It’s also pretty daunting. Wouldn’t you agree?
How do you even begin to decide? What do you look for? Is wax even still useful or necessary these days? A quick sprint through this guide and you’ll have the answers to these questions and more!
Table of Contents
- What is Automotive Wax
- How is Wax Made
- How Car Wax Works
- What are the Benefits of Car Wax?
- What are the Drawbacks of Car Wax?
- What Makes a Quality Wax?
- What Types of Automotive Wax Exist?
- What Cloth to Use for Waxing a Car?
- How Do You Apply Wax to a Car?
- Can Auto Wax Be Layered?
- When Should You Not Apply Wax?
- Should You Wax a New Car Right Away?
- How Do You Remove Wax from Paint?
- How Long is Car Wax Good For?
- What is the Best Wax for Clear Coat?
- What is the Best Wax for Gel Coat?
- What is the Best Wax for Fiberglass?
- What is the Best Wax for Single Stage Urethane?
- What is the Best Wax for Single Stage Lacquer?
- What is the Best Wax for Red Paint?
- What is the Best Wax for Black Paint?
- What is the Best Wax for White Paint?
What is Automotive Wax
Automotive wax got its first start way back in the early 1800’s in a German town called Bischofsheim. It was a substance rendered from animal fats with the purpose of protecting the lacquer like paint on horse carriages.

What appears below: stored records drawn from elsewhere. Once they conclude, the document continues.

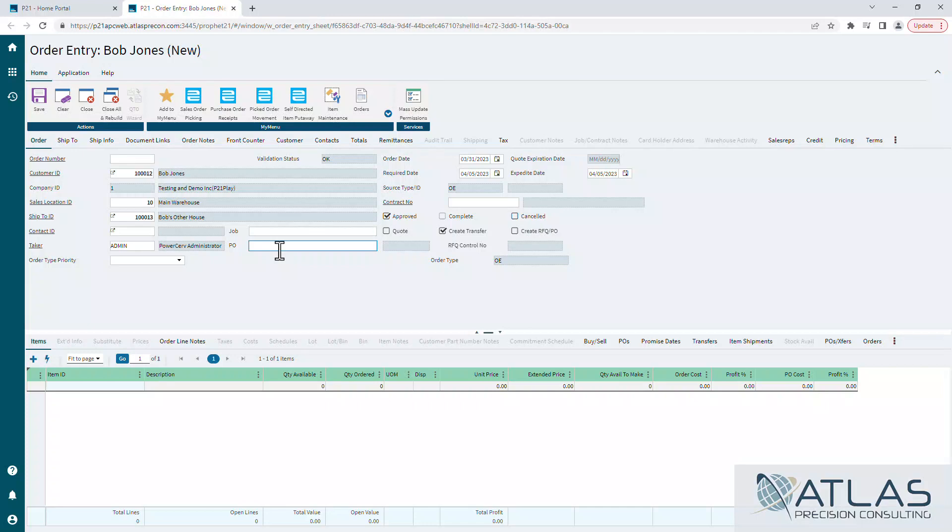PO is pretty self-explanatory. Customer gives you a purchase order number, this is where you put it. Your system may have it required, or you can also go into a customer setting and make it so it's required for them even if it's not required for your company overall. Order date, pretty self-explanatory. Required date, that's the date when you're going to be expecting this to leave your source location.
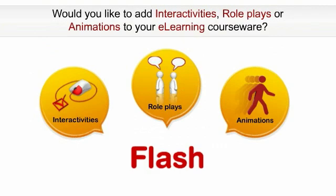Here are a few screenshots of our courses using various Flash interactivities.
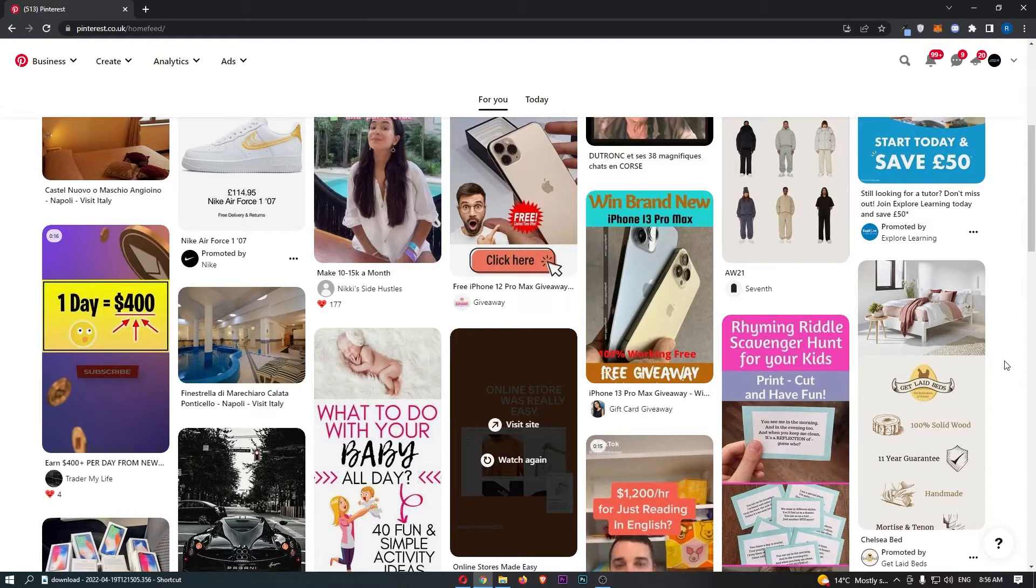To do this, first load up Pinterest and sign in to your account.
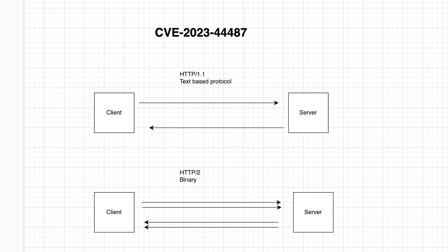Hello everybody, my name is Rahul and in this video we will be talking about the HTTP/2 rapid reset attack which has been given the CVE-2023-44487.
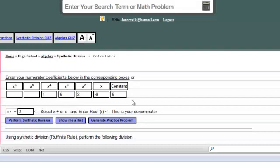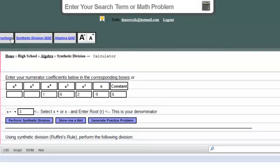Now, we also have a quiz on this lesson. You click synthetic division quiz, instructions, or you can take the all algebra quiz. Here we go.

In the modern automotive world wax is a compound created from both naturally occurring and synthetic substances designed to both protect and enhance finishes such as paint and clear coat.
Wax can be found in both liquid and paste form and is typically applied by spreading it over the surface you wish to protect. It’s often found in round metal cans and plastic squeeze bottles down the automotive cleaning supply isles at your local big box store.
How is Wax Made
These days most waxes are created by combining a variety of both natural and synthetic substances to enhance its durability and luster. Most traditional waxes are carnauba based.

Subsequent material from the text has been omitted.